Lawinenabgänge der vergangenen Tage finden sich u.a. auch hier: 

Lawinenabgang vom 24.12. auf der Diritissima am Hafelekar oberhalb von Innsbruck, Süd, 2200m

Vermehrt ein Thema: Gleitschneelawinen

Gleitschneelawinen werden während der kommenden Tage wieder etwas häufiger auftreten. Dies hat mit den zu erwartenden warmen Temperaturen und der zunehmenden Durchfeuchtung der Schneedecke zu tun.

Gleitschneemaul im Vordergrund, Gleitschneelawine im Hintergrund, Paznauntal (Foto: 26.12.2019)

Lawinen auf der Nordkette: Der rote Linie zeigt einen offenen Riss einer Gleitschneelawine. Bei den Pfeilen sind Lockerschneelawinen abgegangen. In magenta eine z.T. überschneite Schneebrettlawine (Foto: 26.12.2019)
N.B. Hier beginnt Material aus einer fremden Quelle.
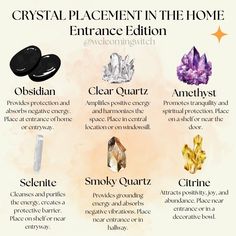 Crystal Placement in the home: Entrance Edition . . . . . . . . . #wiccansofinstagram #witchlife #witchesofinstagram #witch #witchcraft #wicca #wiccan #pagan #spiritual #spiritualawakening #Spirituality #witchessociety #witchytips #magic #babywitch #beginnerwitch #witchy #witchesoftiktok #witchtok #crystals #crystalmagic #crystalplacement Witchcraft Crystals Meaning, Wiccan Values, Crystal Placement In Home, Witchy Apartment, Crystals For Home, Crystal Meanings Charts, Witches Road, Crystal Placement, Witchy Spells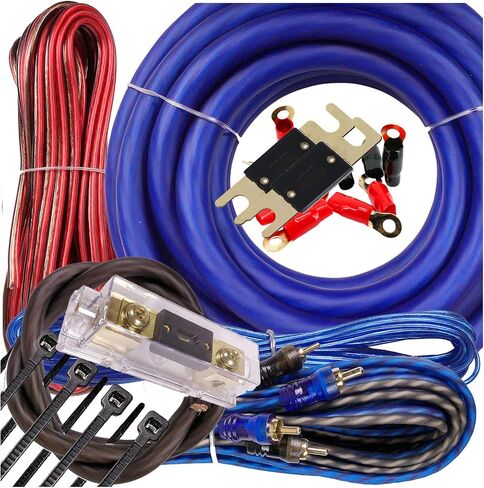 Gravity Warzone 1/0 Gauge Power AMP Kit حتى 5000 واط Elite Elite Pro Pro Fensible RCA Smeters Wires ، 250a + 300a Fuse ، in Saudi Arabia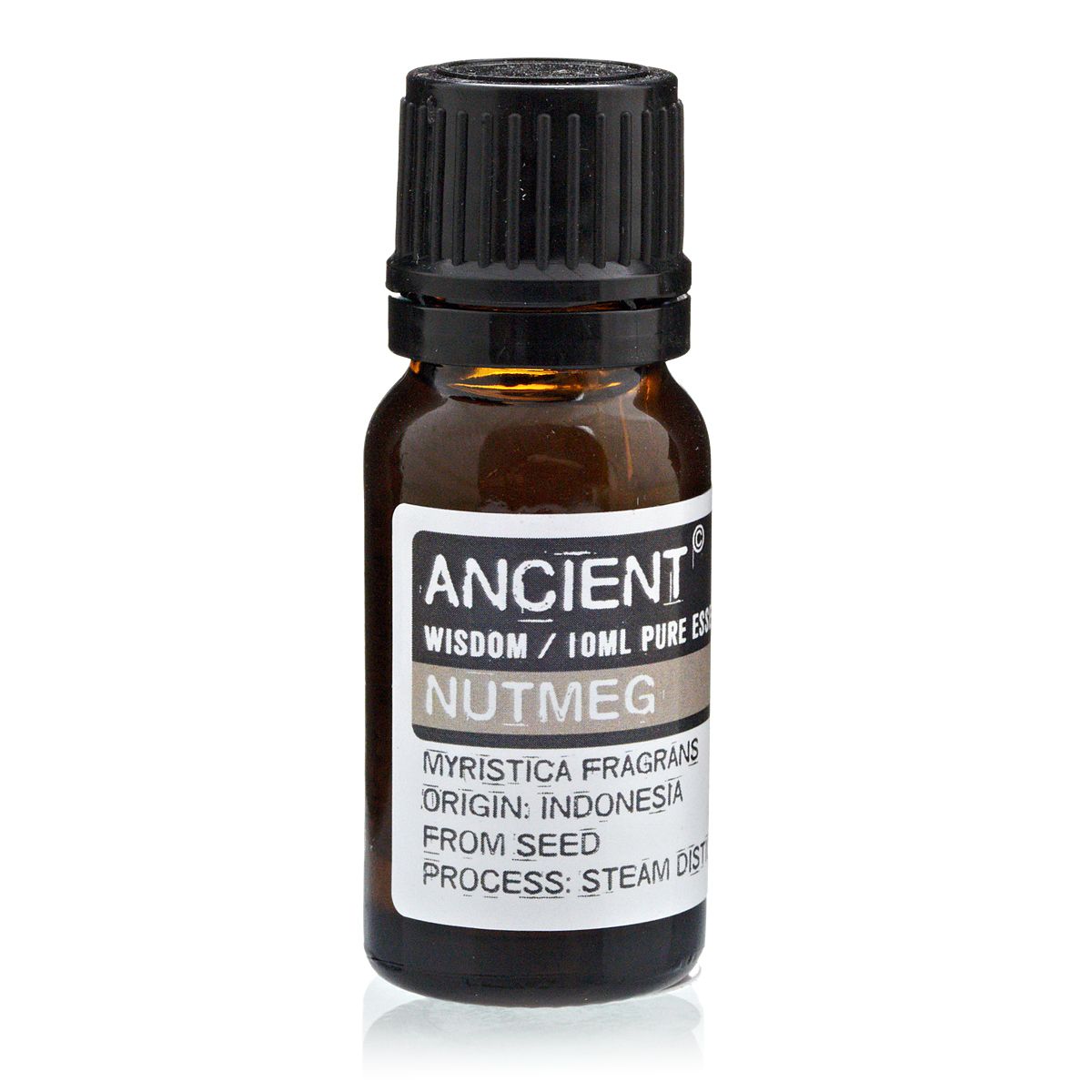 Aceite esencial de nuez moscada, 10ml, origen Indonesia, frasco marrón con tapa negra, destilado al vapor.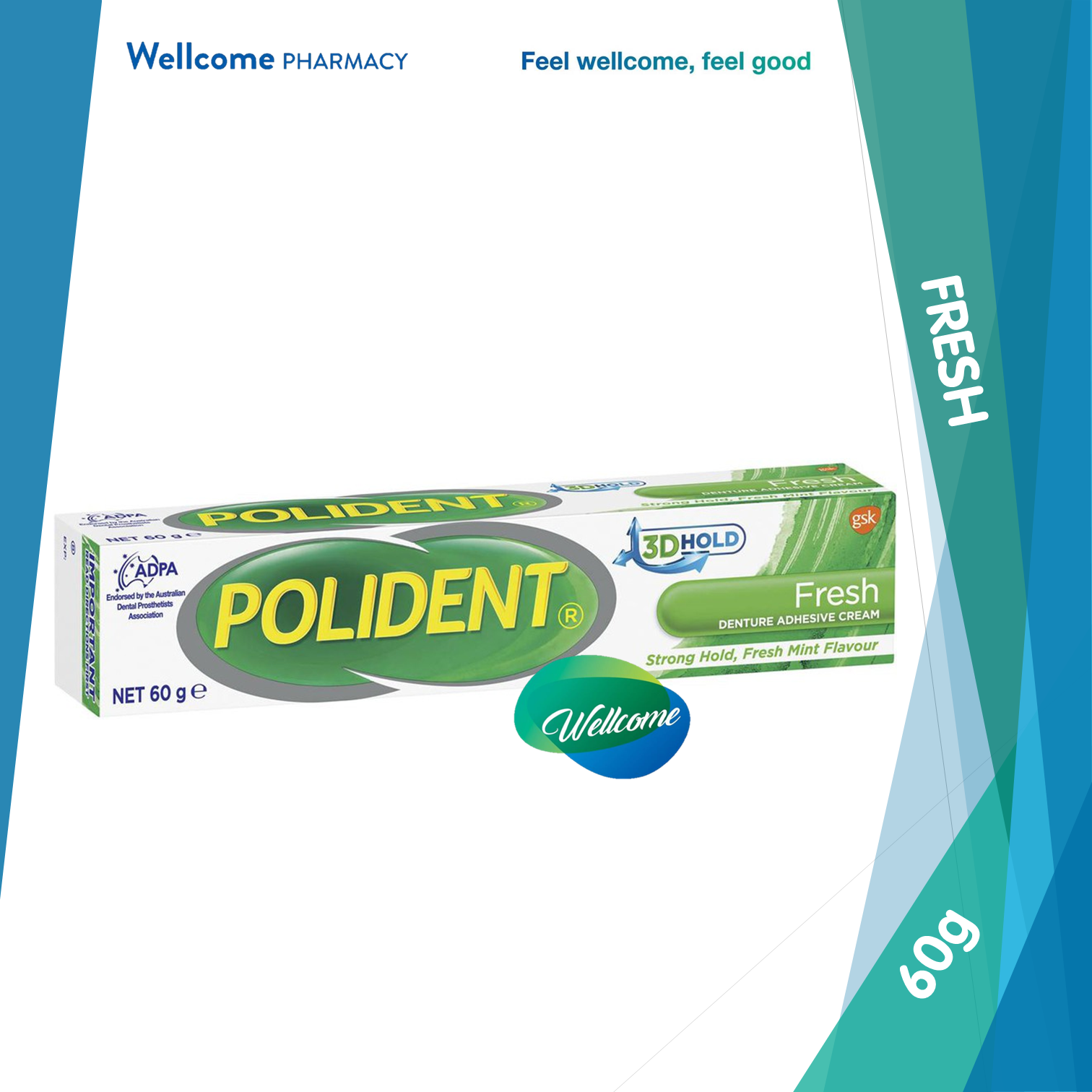 Polident Denture Adhesive Cream Fresh Mint 60g Lazada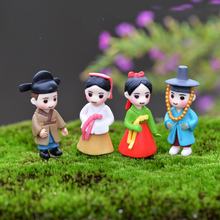 Zocuku boneca amantes de roupas tradicional coreana, 2 peças, presente de casal, pequena estatueta de artesanato, figura ornamento, decoração de miniaturas 2024 - compre barato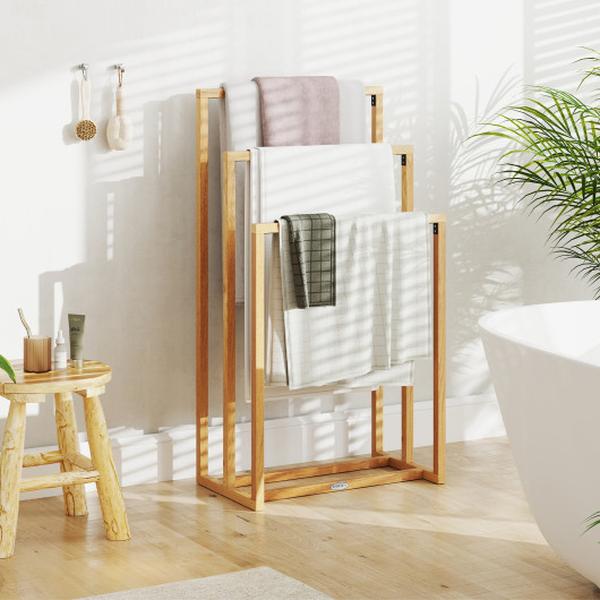 Picture of Costway JV12439 3-Tier Teak Wood Towel Rack with 3 Hanging Crossbars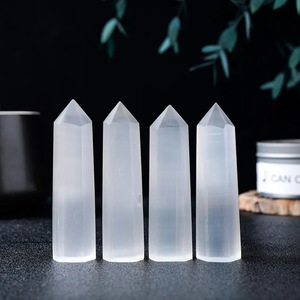 คริสตัลธรรมชาติโมร็อกโก เซเลไนต์ทรงกระบอก สำหรับตกแต่งบ้าน วางบนโต๊ะ - Product Image 3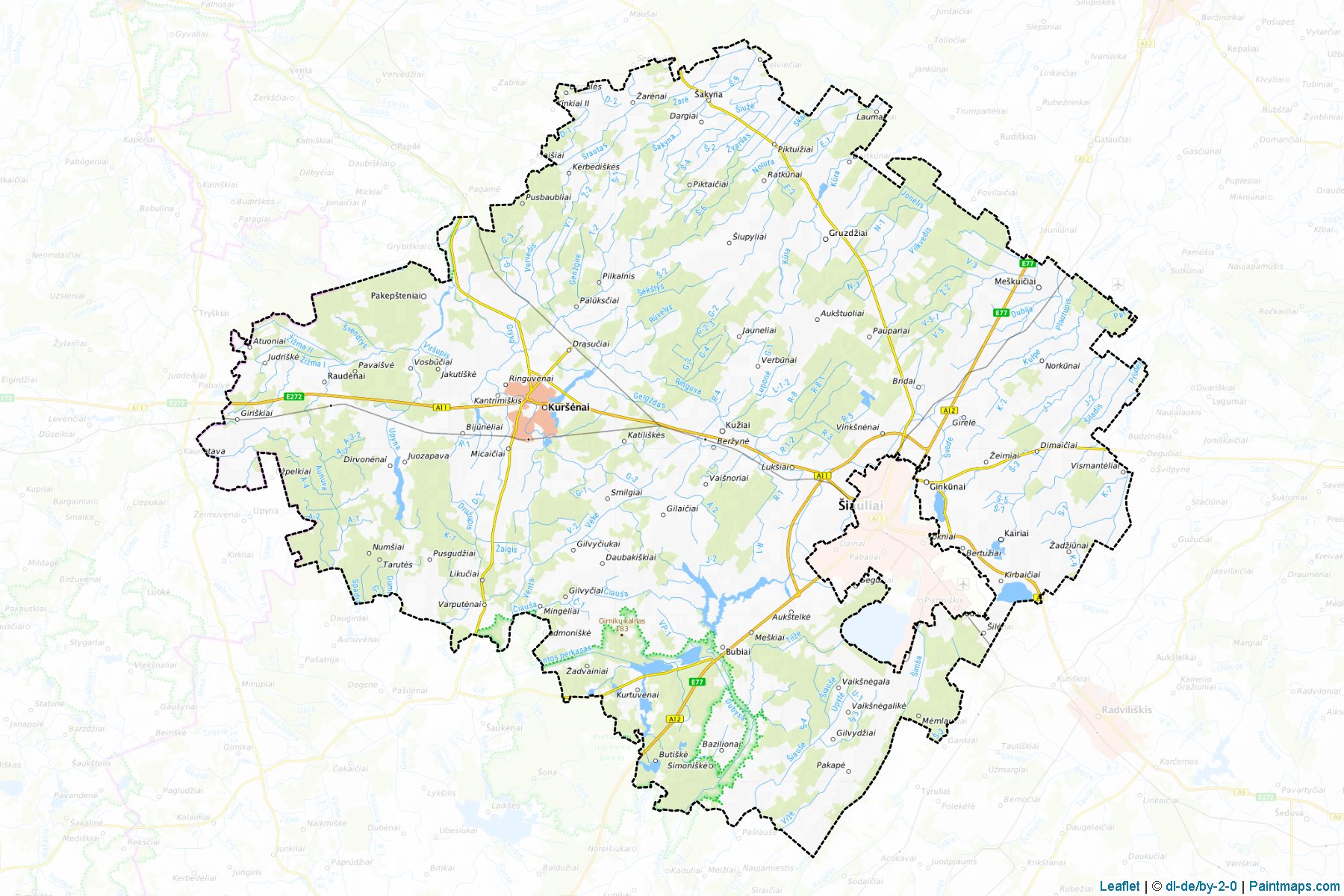 Muestras de recorte de mapas Šiauliai (Šiauliai)-1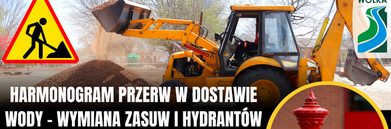 Plakat informacyjny dotyczący przerw w dostawie wody z powodu wymiany zasuw i hydrantów w Łuszczowie Pierwszym i Drugim. Wydarzenie planowane na 13-17 kwietnia 2026 r., w godzinach 9:00-16:00. Zawiera dane kontaktowe.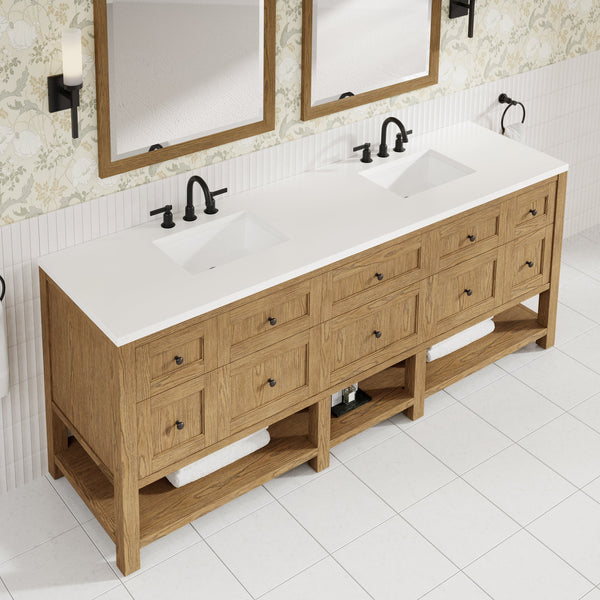 James Martin Breckenridge 84" Double Bathroom Vanity, Light Natural Oak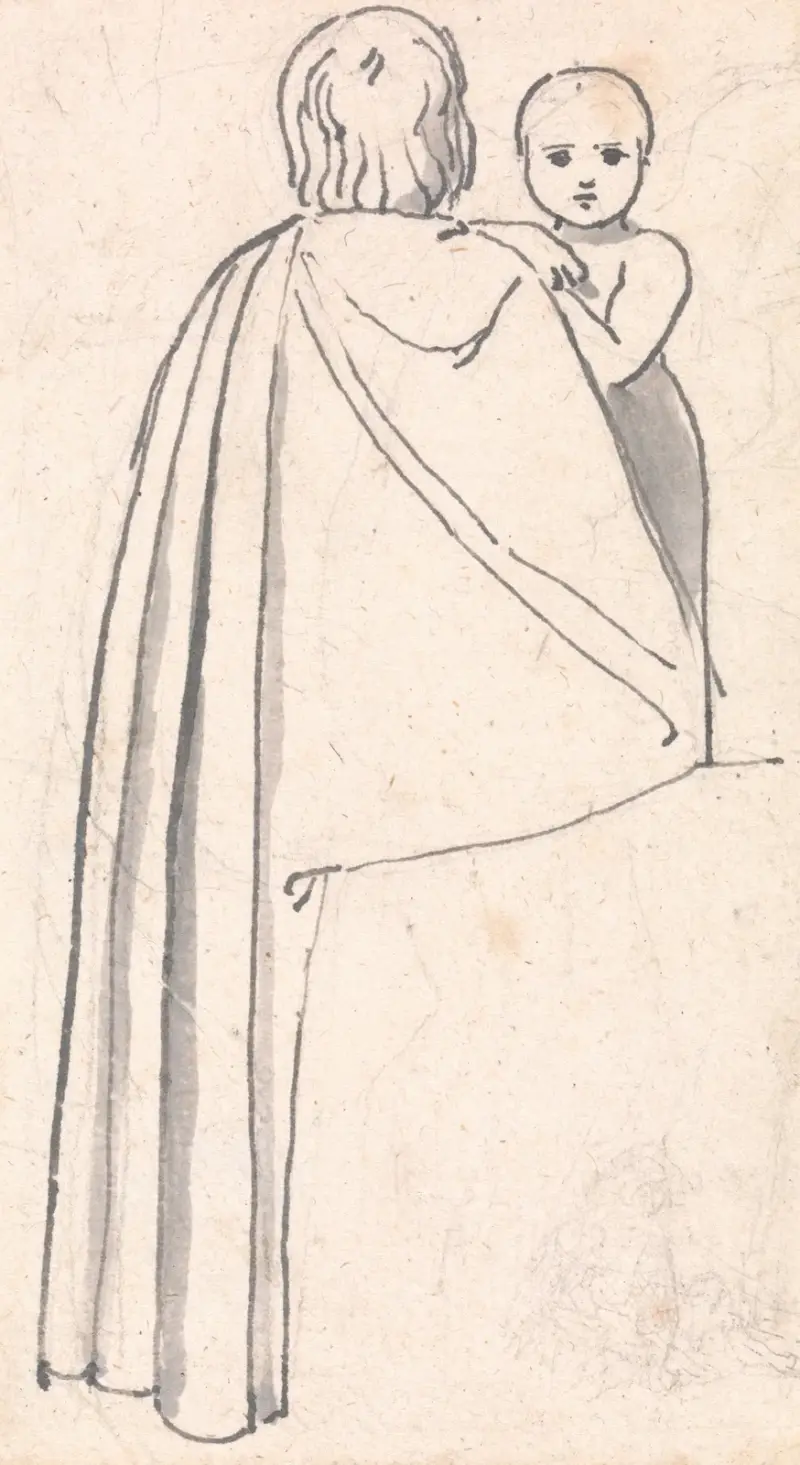 Ryggvy av en kvinna med barn som tittar över axeln av John Flaxman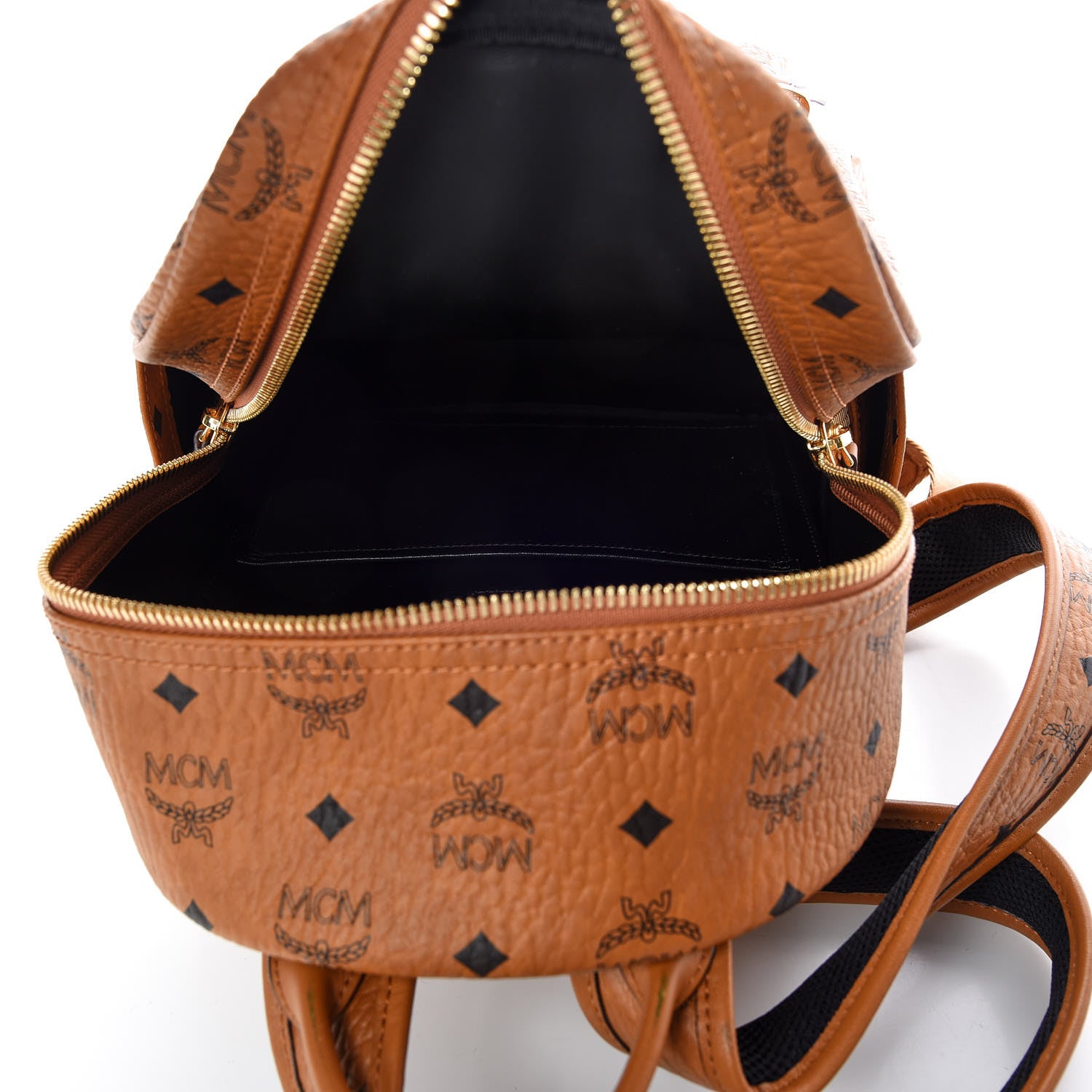 MCM Visetos Studded Stark Stripe Backpack Cognac 7 of 9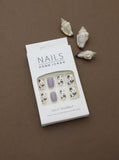 Floral Ivory and Lilac Press-On Nails - Elegant Black Leaf Patterns with Purple Accent DIY Set (24pcs)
Ein latentes Problem: Gleitschnee im südlichen Osttirol (Foto: 26.12.2019)

Gleitschnee auch schattig v.a. unterhalb etwa 2000m immer wieder zu beobachten: Außerfern (Foto: 20.12.2019)

Wie geht es weiter?

Am 27.12. bleibt es in Nordtirol und im nördlichen Osttirol dicht bewölkt mit etwas Schnee, unterhalb von etwa 600m -1000m Regen. In der Höhe weht meist lebhafter Nordwestwind. Anschließend etabliert sich laut ZAMG-Wetterdienststelle ein kräftiges Hochdruckgebiet. Es wird wärmer, anfangs weht besonders in Osttirol noch kräftiger Nordwind, der nachlässt.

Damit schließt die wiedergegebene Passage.